Dear Jeff: Please, for the 101st time, do not use the same spoon for the peanut butter and for the jelly. Toast with butter and Jiffy-flavored jelly makes me want to vomit. In your face.
This letter to her husband begins the September 16 entry on the Scary Mommy blog (scarymommy.com). It goes on to include tartly worded directives to her three children, ages 6, 5, and 3 (“Don’t bicker and fight all day. I just don’t want to deal with it.”); the handyman (“Rearranging my whole day for you is a big enough pain in the ass. Having you never show up is an even bigger one.”); and even Lucky the dog (“Just shut up.”).
Is it any wonder this is one of the most popular mom blogs in the country?
“When I first started, there weren’t that many bloggers who were honest and didn’t try to make everything sound perfect,” says Jill Smokler, aka Scary Mommy, who relocated from Crofton to Mt. Washington last year. “I think my attitude about being a mom—sometimes it sucks, sometimes it’s great, sometimes it’s awful—just sorta resonated with people.”

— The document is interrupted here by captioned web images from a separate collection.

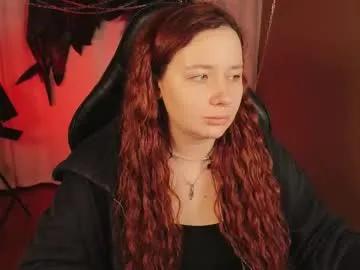 carolina_winter — spanking time <3  #redhead #squirt #nonude #german #curvy [106 tokens remaining]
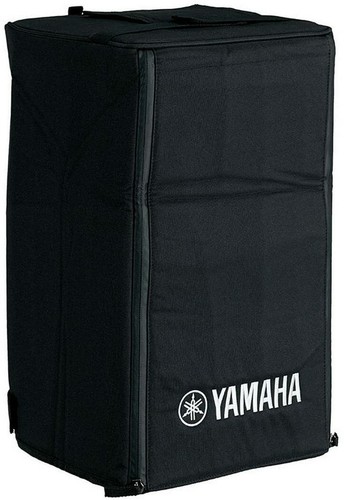 Yamaha spcvr 1001 custodia - spcvr-1001,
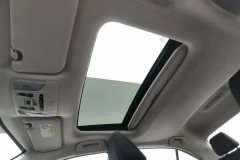 2021 Toyota Corolla 2021 1.8 AT Elite Hybrid #18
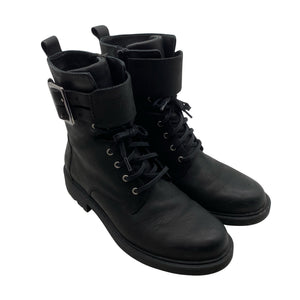 Unisex Clarks - Nilkkurit, koko 38 -  (2)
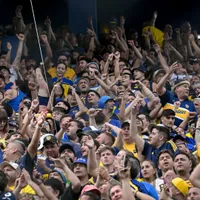 Boca podría tener hinchas visitantes en dos partidos al hilo: los detalles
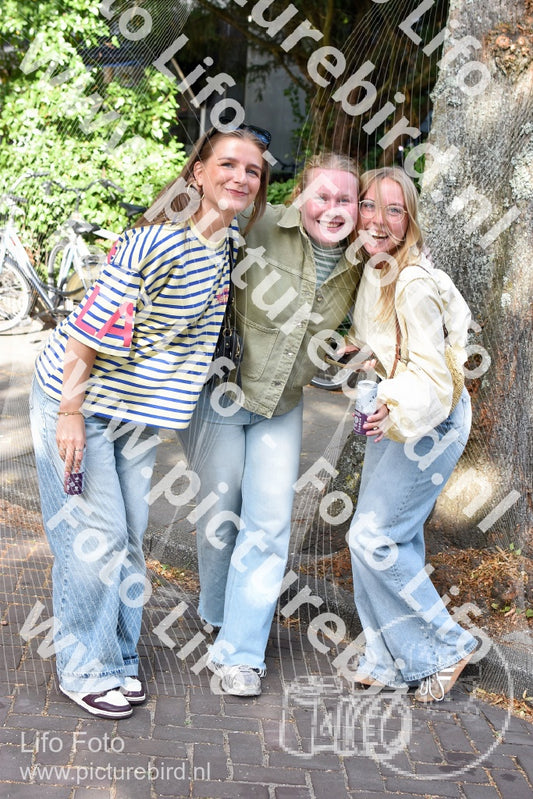 Evenement foto: 2722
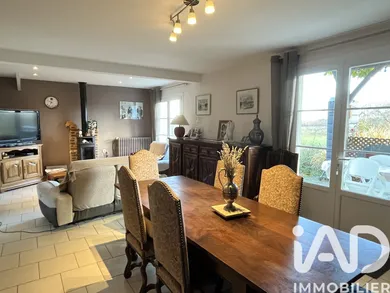 House in Aignan (32290)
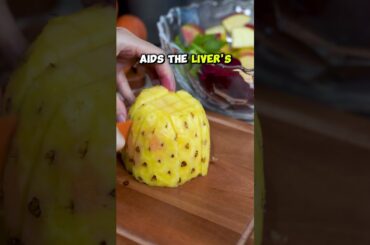 Small changes lead to big results #healthyrecipes #juice #happyjuice #healthyjuice #healthyrecipes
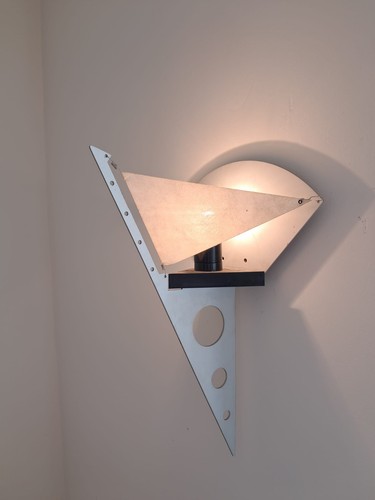 Artemide filicudara lampada - artemide,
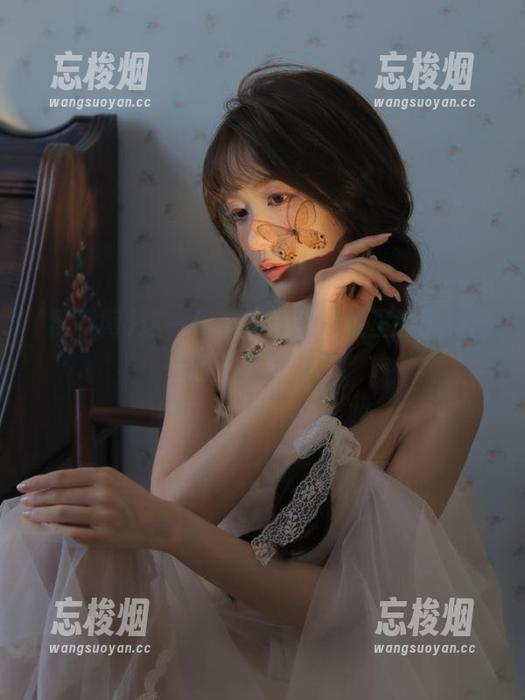 黑料网 这一夜,我们和手机里的黑料网一起“不打烊”!
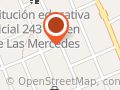 Servicios Generales Reguera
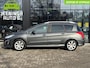 Peugeot 308 SW 1.6 e-HDi Active | Pano | Trekhaak |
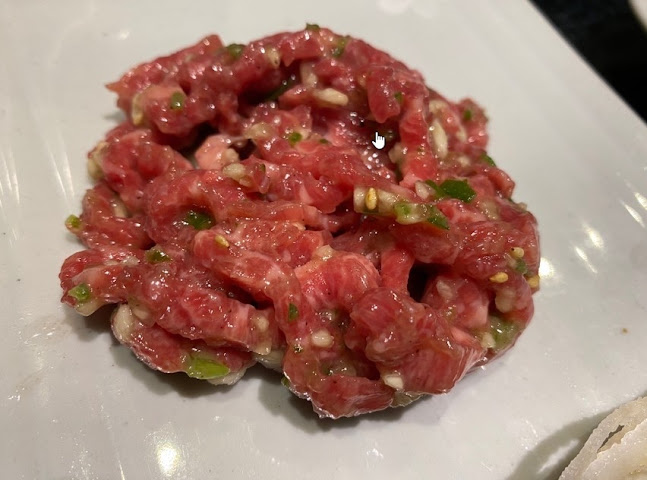 경상남도 거제시 거제대로 4943-8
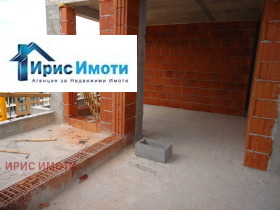  2- | Imot.bg    2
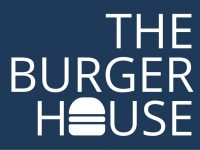 The-Burger-House-Logo-new.jpg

That’s an understatement. In the three years since Smokler, 33, launched her hilarious, sometimes painfully revealing blog, it has grown from an audience of a couple dozen friends and family to about 90,000 per month, giving her some of the biggest traffic figures among “mom-bloggers,” a notably large subset of the blogosphere.
Of course, there are a few among those thousands who don’t like Smokler’s warts-and-all approach. “I have this one person who responds to every post like, ‘You’re such a snotty moron. Why do you keep writing?’” says Smokler. “Well, why do you keep reading? No one’s forcing you to be here.”
And just to be clear, Scary Mommy isn’t always so, well, scary. Two days after the rant above, she posted a beautiful picture of two of her kids on an apple-picking excursion. “It’s beginning to look a lot like fall . . . and we love it,” she wrote, adding, “P.S. There’s nothing like caramel apples to bribe your children into smiling. Just so you know.”
Smokler, a graphic designer by trade, started the blog when her youngest child was a couple months old, with the intention for it to be an online baby book. “I was drowning in my stay-at-home misery,” she says. “I just needed some sort of outlet.”
Soon, she realized blogging was a natural fit for her, combining her interests in technology and design with her blog-ready conversational writing style. “My English professor in college told me there was no point in ever writing and I should just stick with art,” says Smokler. “I clearly have a messed up way of writing, because I write how I talk.”
And it’s a good thing Smokler enjoys writing the blog because, as she’s quick to point out, it’s no cash cow. “People tell me all the time they want to start a blog so they can make money, and I laugh,” she says. “It’s not like that.”
Smokler does earn a couple hundred dollars a month with the discreet ads on her site, and she says she might be able to earn $700 to $900 a month if she put a lot of time into marketing the site. Instead, she says, it’s lucrative for her in other ways.
The blog has gotten her jobs for other websites like Cafe Mom (cafemom.com), where she writes a weekly column. And she often gets free products to try and write about on the site—she always acknowledges when she gets something for free and writes about it honestly.
Of course, considering the level of candor on the blog, Smokler has had to set some pretty clear rules. “I don’t write about my parents, my in-laws, or friends,” she says. “Because I’ve done all those things and learned the hard way that they don’t like it.”
Like a lot of parents with blogs or even just Facebook pages, she’s also wondered if her kids will one day be angry at her for some of her posts about them. The issue came into sharp relief earlier this year when Smokler posted a video of her son throwing a tantrum in an effort to get a grilled cheese sandwich.
“My brother called me,” she says. “He said, ‘That was really bad of you. Ben is not gonna appreciate that you posted a video of him doing nothing other than whining. I’d be pissed at mom if she did that.’”
“I hadn’t really thought of it that way,” she continues. “How fair is it that I take their little stories and make them public? They’re not choosing to do that; I’m choosing that for them. On the other hand, I would love to have something like this from my mom. At the end of the day, the reason I started the blog was as a baby book for them and it’s still in the back of my head. That’s what I hold on to.”